■ What is being asked ■
An exact copy of all the records is the expected answer.

■ Records to process ■
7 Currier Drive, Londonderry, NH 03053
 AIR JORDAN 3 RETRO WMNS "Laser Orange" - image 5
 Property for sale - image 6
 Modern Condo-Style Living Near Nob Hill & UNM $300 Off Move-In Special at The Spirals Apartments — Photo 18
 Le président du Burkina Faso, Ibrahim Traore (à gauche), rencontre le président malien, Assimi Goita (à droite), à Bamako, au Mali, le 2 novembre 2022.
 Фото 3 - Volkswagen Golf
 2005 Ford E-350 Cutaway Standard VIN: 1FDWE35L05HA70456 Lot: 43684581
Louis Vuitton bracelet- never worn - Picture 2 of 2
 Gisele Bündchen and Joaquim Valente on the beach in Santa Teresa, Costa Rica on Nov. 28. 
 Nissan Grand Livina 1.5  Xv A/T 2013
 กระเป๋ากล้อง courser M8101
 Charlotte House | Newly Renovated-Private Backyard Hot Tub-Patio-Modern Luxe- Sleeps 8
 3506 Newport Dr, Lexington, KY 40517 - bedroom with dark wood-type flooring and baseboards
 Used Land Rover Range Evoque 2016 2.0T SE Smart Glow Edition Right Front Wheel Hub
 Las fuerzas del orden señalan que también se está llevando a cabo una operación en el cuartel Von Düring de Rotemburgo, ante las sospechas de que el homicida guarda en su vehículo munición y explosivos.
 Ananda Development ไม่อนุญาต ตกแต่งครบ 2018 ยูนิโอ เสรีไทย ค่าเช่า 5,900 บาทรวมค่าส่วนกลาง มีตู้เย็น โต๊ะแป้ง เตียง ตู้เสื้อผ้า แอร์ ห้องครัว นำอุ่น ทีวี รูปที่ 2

■ Answer to this exercise ■
7 Currier Drive, Londonderry, NH 03053
 AIR JORDAN 3 RETRO WMNS "Laser Orange" - image 5
 Property for sale - image 6
 Modern Condo-Style Living Near Nob Hill & UNM $300 Off Move-In Special at The Spirals Apartments — Photo 18
 Le président du Burkina Faso, Ibrahim Traore (à gauche), rencontre le président malien, Assimi Goita (à droite), à Bamako, au Mali, le 2 novembre 2022.
 Фото 3 - Volkswagen Golf
 2005 Ford E-350 Cutaway Standard VIN: 1FDWE35L05HA70456 Lot: 43684581
Louis Vuitton bracelet- never worn - Picture 2 of 2
 Gisele Bündchen and Joaquim Valente on the beach in Santa Teresa, Costa Rica on Nov. 28. 
 Nissan Grand Livina 1.5  Xv A/T 2013
 กระเป๋ากล้อง courser M8101
 Charlotte House | Newly Renovated-Private Backyard Hot Tub-Patio-Modern Luxe- Sleeps 8
 3506 Newport Dr, Lexington, KY 40517 - bedroom with dark wood-type flooring and baseboards
 Used Land Rover Range Evoque 2016 2.0T SE Smart Glow Edition Right Front Wheel Hub
 Las fuerzas del orden señalan que también se está llevando a cabo una operación en el cuartel Von Düring de Rotemburgo, ante las sospechas de que el homicida guarda en su vehículo munición y explosivos.
 Ananda Development ไม่อนุญาต ตกแต่งครบ 2018 ยูนิโอ เสรีไทย ค่าเช่า 5,900 บาทรวมค่าส่วนกลาง มีตู้เย็น โต๊ะแป้ง เตียง ตู้เสื้อผ้า แอร์ ห้องครัว นำอุ่น ทีวี รูปที่ 2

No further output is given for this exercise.